Today I am rejoicing for Mary for I know—-
she is with her Father in heaven.
As Paul Harvey says, now for the rest of the story—two days later, Corey and her husband, who had been separated for several months, and her four children attended church.
The next day Mary’s obituary came out in the paper.
Corey called the funeral home, asking whether it would tell the family that she was with Mary when she died and passed along her phone number. “Within 10 or 15 minutes, her husband called me, “Corey said. They talked for about two hours delivering Mary’s message to her family.
Corey met the family for the first time at Mary’s viewing and Corey attended the service the next day. A longtime friend and retired pastor presided over the service telling people to remember to always be kind and good to one another—as Corey had been to Mary—adding that he appreciated what she did for Mary and that he appreciated the Lord for having her there at that time.
Wait — Hold On — I’m not through—
At the time of the wreck, Corey was unhappy. She had been separated from her husband for several months and in contact with a divorce attorney. Corey was angry—angry with her husband, angry with God, and angry with the world. I wasn’t able to forgive. Corey’s children were ages 2,5,10, and 11 and possibly facing a tough divorce. Corey, a stay-at-home mom, realized that was not what she wanted and that she was taking life for granted. Mary showed her that.
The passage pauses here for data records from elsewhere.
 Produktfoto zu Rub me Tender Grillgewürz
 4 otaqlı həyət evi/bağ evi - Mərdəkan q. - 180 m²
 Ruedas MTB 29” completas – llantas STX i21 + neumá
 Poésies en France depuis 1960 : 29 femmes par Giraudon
Corey said she now thanks God every day for her healthy children and for having a husband who loves and cares for her. They are living together again and going through marriage counseling at their church. She thanks God and Mary for restoring her marriage, her faith and her life.
“I think we get caught up in our daily lives, with the running and going and all the hustle and we don’t slow down,” Corey said. “We seem to forget that when we walk out that door or when we hang up that phone, that could have been the last ‘goodbye’ and that could have been the last ‘I Love You.’ Every day, for somebody, that is the last one.”
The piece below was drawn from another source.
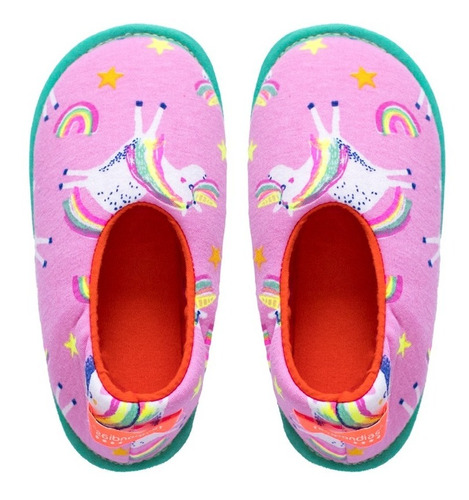 Pantuflas Floripondias de invierno para niño - La Aldea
“I think God used her and me both for two very different reasons,” Corey said. “It really wasn’t what I did for her, It was what God used her to do for me.”
Mr. Casillo ends his article with, “As we reflect on this story about Corey and Mary, let us praise God in all things especially those we take for granted each day.”
Editor: “Today I cried with Mary” Ms, McDonald wrote and Mr. Casillo uses her experience nearly 15 years ago to show how precious and important is Jesus’ second greatest commandment, “Love your neighbor as yourself”. This story will touch your heart in such a tender way that you should have your Kleenex tissues handy.